The risk management process takes cognisance of risks and opportunities within the Company, its investment mandate, its operating environment as well as the risks and opportunities inherent to its investment portfolio.
Remgro exercises influence over the risk management of its investee companies via non-executive representation on their autonomous boards, as well as shareholder agreements for Remgro’s associates and joint ventures, where other major shareholders are involved.
Ethical leadership and human capital are the cornerstones of Remgro’s risk and opportunities management philosophy as these ensure alignment on the primacy of our reputation, effective governance, operational competence and entrepreneurial aptitude.
Due to the nature and magnitude of Remgro’s investment portfolio, this report focuses on the activities of the Company and its subsidiaries, save where such entities are separately operated listed subsidiaries with autonomous boards and adequate external reporting, or the materiality of such information is deemed insufficient to warrant detailed disclosure. As a result, this report contains risk and opportunities management information of the Company, including Remgro Management Services Limited (RMS) (Remgro’s service company) and V&R Management Services AG(1). This aligns to the defined scope and boundaries of Remgro’s reporting.

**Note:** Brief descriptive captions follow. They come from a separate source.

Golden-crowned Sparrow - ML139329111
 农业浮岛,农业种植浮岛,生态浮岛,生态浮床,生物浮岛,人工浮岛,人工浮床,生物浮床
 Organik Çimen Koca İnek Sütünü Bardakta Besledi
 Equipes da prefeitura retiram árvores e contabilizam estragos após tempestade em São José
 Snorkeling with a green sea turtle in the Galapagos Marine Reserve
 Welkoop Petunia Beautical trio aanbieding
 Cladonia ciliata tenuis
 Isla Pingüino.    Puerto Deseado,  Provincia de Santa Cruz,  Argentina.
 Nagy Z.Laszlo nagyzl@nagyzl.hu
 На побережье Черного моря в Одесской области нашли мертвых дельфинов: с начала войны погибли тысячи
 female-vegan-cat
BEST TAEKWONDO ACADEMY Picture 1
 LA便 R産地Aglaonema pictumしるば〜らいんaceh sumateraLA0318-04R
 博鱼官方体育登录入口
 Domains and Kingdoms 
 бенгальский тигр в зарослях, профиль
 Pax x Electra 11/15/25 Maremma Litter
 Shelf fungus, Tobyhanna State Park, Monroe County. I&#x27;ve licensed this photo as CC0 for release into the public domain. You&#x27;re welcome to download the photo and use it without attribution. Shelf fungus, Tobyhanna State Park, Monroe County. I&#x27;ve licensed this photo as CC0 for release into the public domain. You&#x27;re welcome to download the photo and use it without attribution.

The Board is ultimately accountable for the risk and opportunities management process and system of internal control within Remgro. The Board has reviewed the comprehensive Risk and Opportunities Management Policy and plan, which has been implemented by management. This plan incorporates continuous risk and opportunity scanning, identification and assessment, and embedding internal control as well as risk reduction and insurance strategies.
The Audit and Risk Committee is mandated to monitor the effectiveness of the risk and opportunities management process and systems of internal control and is supported in this regard by its subcommittee, the RMS Risk and Operational Committee (ROC).
The internal and external auditors, along with management and certain external consultants, are tasked to render combined assurance reports to the Audit and Risk Committee.
The Social and Ethics Committee plays an important role in supporting the Audit and Risk Committee by overseeing and monitoring Remgro’s Environmental, Social and Governance (ESG) performance and stewardship through policies, frameworks, standards, guidelines and approved goals.
Cognisance is taken of the dedicated structures outside the above, which furthermore give effect to Remgro’s investment strategy and portfolio performance, which is overseen by the Board, the Investment Committee which, per delegation of authority, considers and approves or motivates to the Board corporate transactions and investments, and the Valuation Committee which considers the director valuations of nonlisted entities and the valuations, using market prices, of listed investments in the portfolio.

The structure above and processes are maintained to ensure the effective and efficient management of risk and opportunities within the Company.
The risk management accountability framework is based on the Three Lines Model (IIA Inc), with the primary first line of defence players being executive directors serving on the Management Board. The Group Risk Register is signed off by the Management Board, chaired by the CEO, prior to being presented to the Audit and Risk Committee. The material risks being investments, treasury, ESG and operations are under the direct responsibility of executive directors chairing and attending the above Committees.
The Chief Risk Officer (CRO) serves as the second line of defence and is responsible for the facilitation and implementation of allocated risk management instructions from the Audit and Risk Committee, Management Board, Treasury Committee, Operational ESG Committee, ROC and Security Steering Committee. This incorporates direct collaboration with executives in supporting the continuous enhancement of the risk management process.
The Chief Audit Executive (CAE) serves as the third line of defence and renders value-adding considerations and independent assurance regarding the effectiveness of the risk management process and system of internal control. The CAE also, by invitation, attends meetings of the Treasury Committee and ROC.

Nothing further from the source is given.